What Southpark Mall Is Now, and the Two Realities Running Side by Side

The mall at 230 Southpark Circle is open. More than 70 stores remain open, with JCPenney, Dick's Sporting Goods, and a 16-screen Regal Theatre as the principal anchors.

H&M, Five Below, Planet Fitness, Destination Church, American Eagle, Bath & Body Works, and JD Sports are among the active tenants.

Spinoso Real Estate Group, which took over public-facing management and leasing in August 2025, markets the property as an 800,000-square-foot regional shopping and entertainment center for the Tri-Cities and the broader Richmond-Petersburg area.

Two of the four original anchor buildings are vacant. The Sears box stopped being Sears in January 2018, later took seasonal and temporary uses, and no longer serves as an anchor.

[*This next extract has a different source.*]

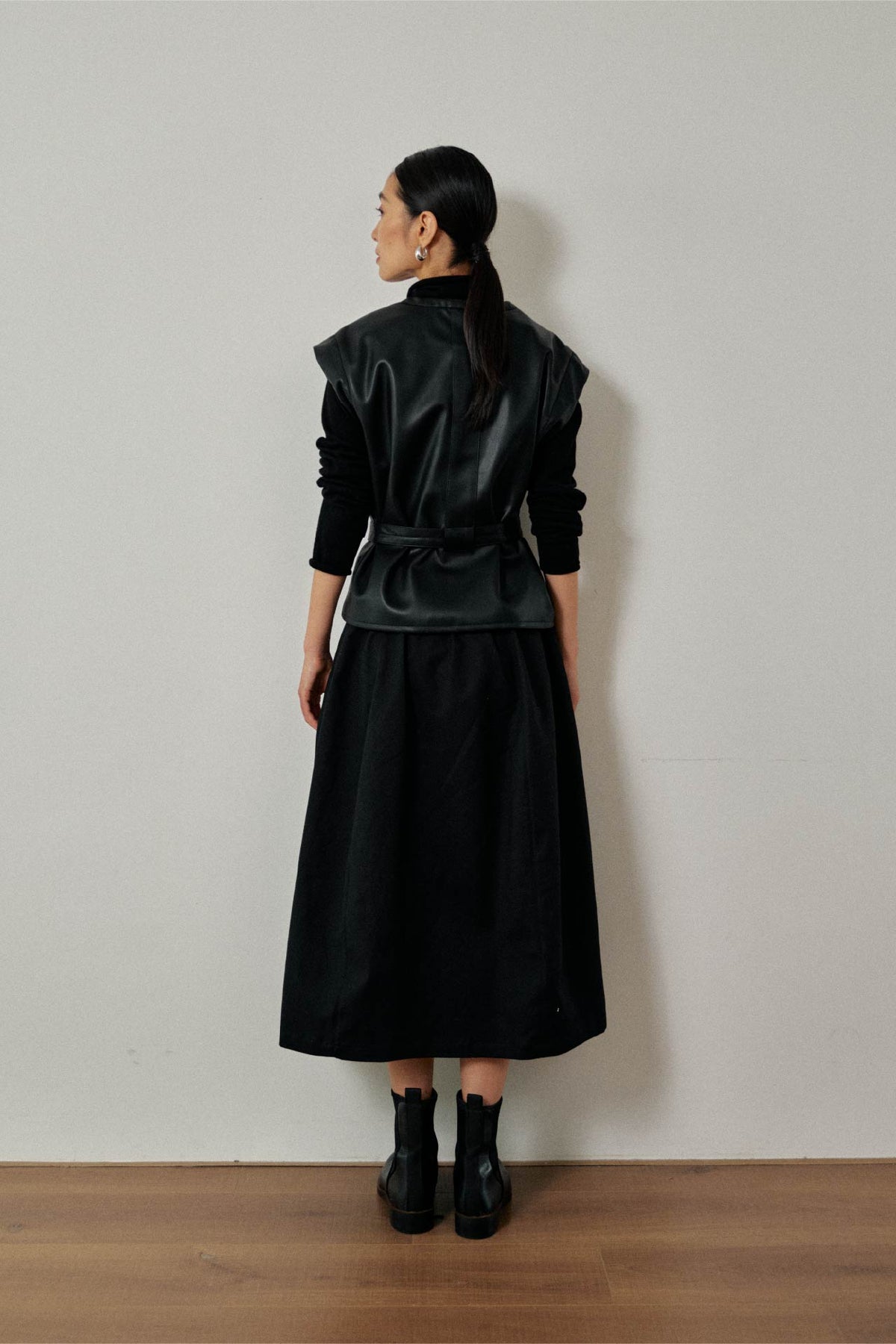 color:NOIR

The Macy's building closed in March 2025. The mall is operating on a footprint that was designed for a different set of tenants, and the financial structure behind it collapsed in 2025.

What holds the place together now is not department stores.

It is a 16-screen Regal Theatre, a Planet Fitness, a church holding services inside that theater, and Dick's Sporting Goods in a building that used to be Dillard's.

JCPenney is still in its original corner, the same store that left Walnut Mall in 1989 and started all of this.

Walnut Mall, which Southpark Mall replaced, has been gone for more than thirty years. Southpark outlasted it by a generation, and it is still outlasting the version of itself that opened on March 1, 1989.